EXERCISE DESCRIPTION - Only the lines from the one that includes "And then automatically" through the last line below belong in the reply, copied exactly and without pictures.

AVAILABLE DATA -
---------------
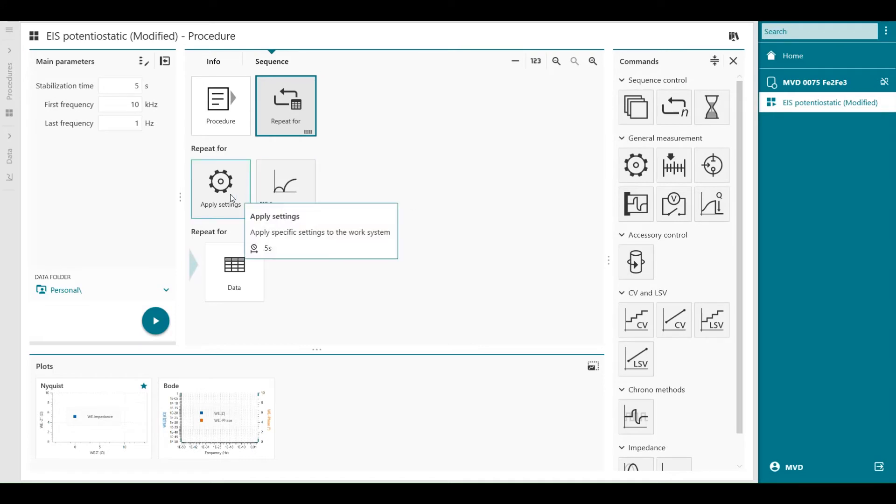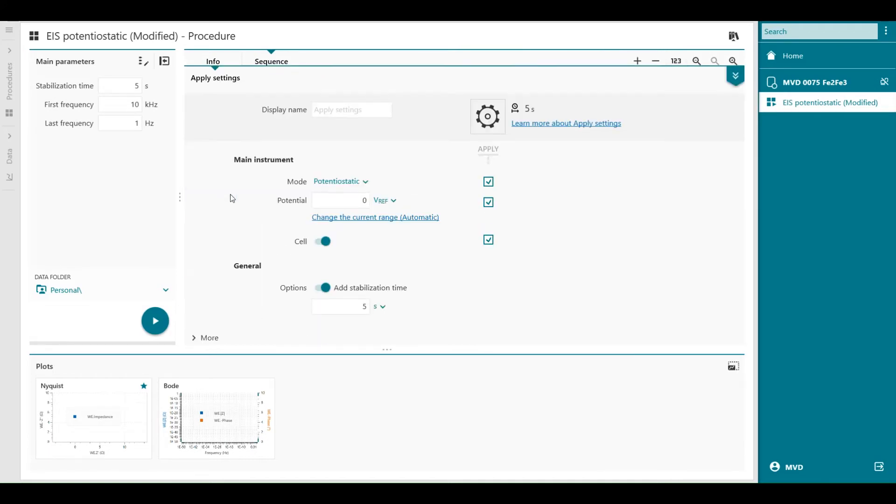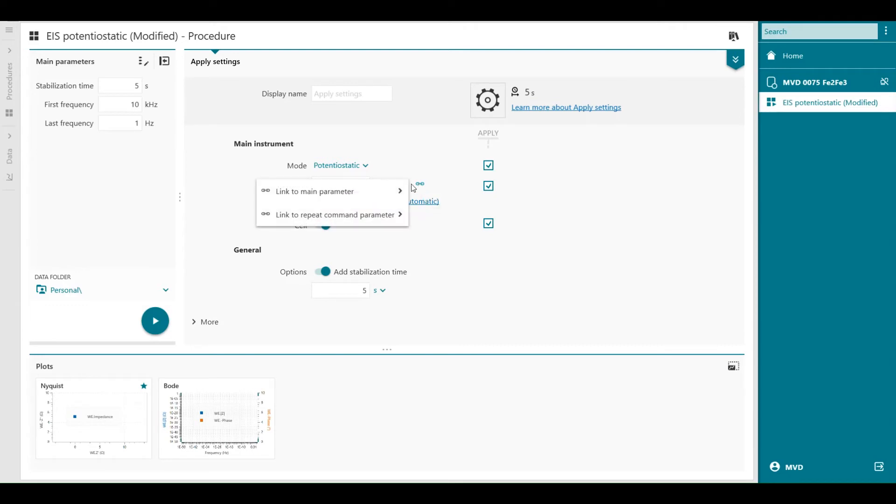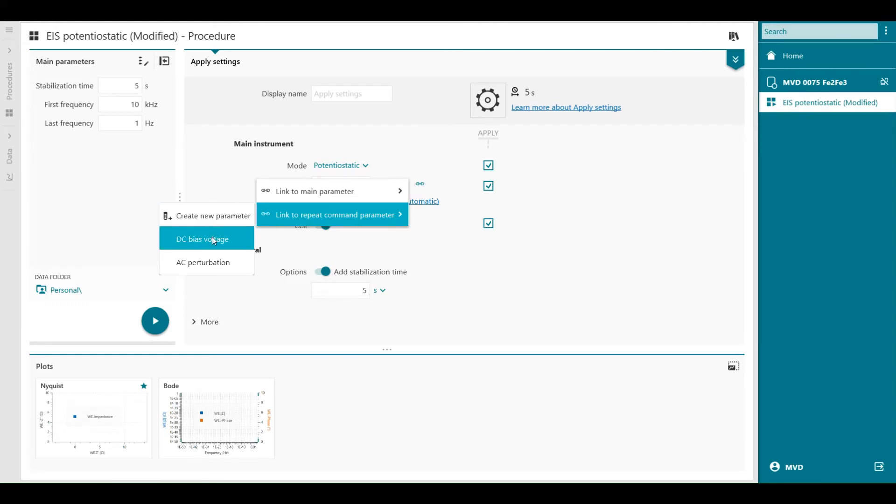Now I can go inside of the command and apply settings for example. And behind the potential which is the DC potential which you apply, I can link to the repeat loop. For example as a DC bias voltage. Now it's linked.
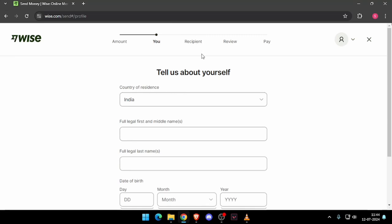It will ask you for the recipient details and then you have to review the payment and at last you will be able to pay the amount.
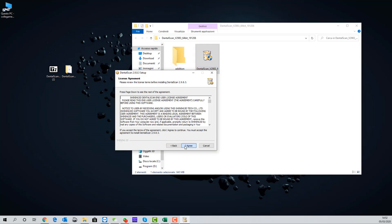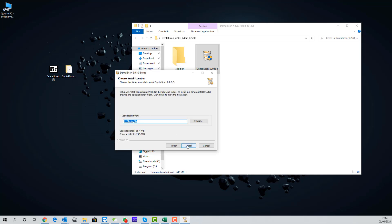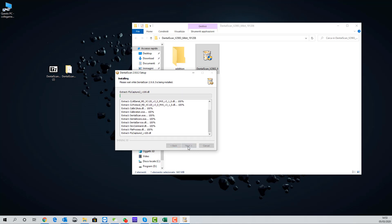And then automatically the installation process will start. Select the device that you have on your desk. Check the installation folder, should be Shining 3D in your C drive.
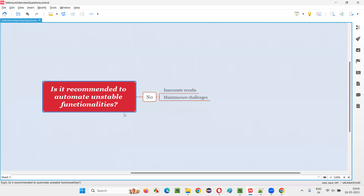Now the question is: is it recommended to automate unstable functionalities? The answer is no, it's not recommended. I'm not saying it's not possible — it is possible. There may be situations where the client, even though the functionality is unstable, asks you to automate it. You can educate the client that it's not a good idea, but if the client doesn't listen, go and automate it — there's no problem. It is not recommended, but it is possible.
---------------
RESPONSE BOX -
And then automatically the installation process will start. Select the device that you have on your desk. Check the installation folder, should be Shining 3D in your C drive.
Now the question is: is it recommended to automate unstable functionalities? The answer is no, it's not recommended. I'm not saying it's not possible — it is possible. There may be situations where the client, even though the functionality is unstable, asks you to automate it. You can educate the client that it's not a good idea, but if the client doesn't listen, go and automate it — there's no problem. It is not recommended, but it is possible.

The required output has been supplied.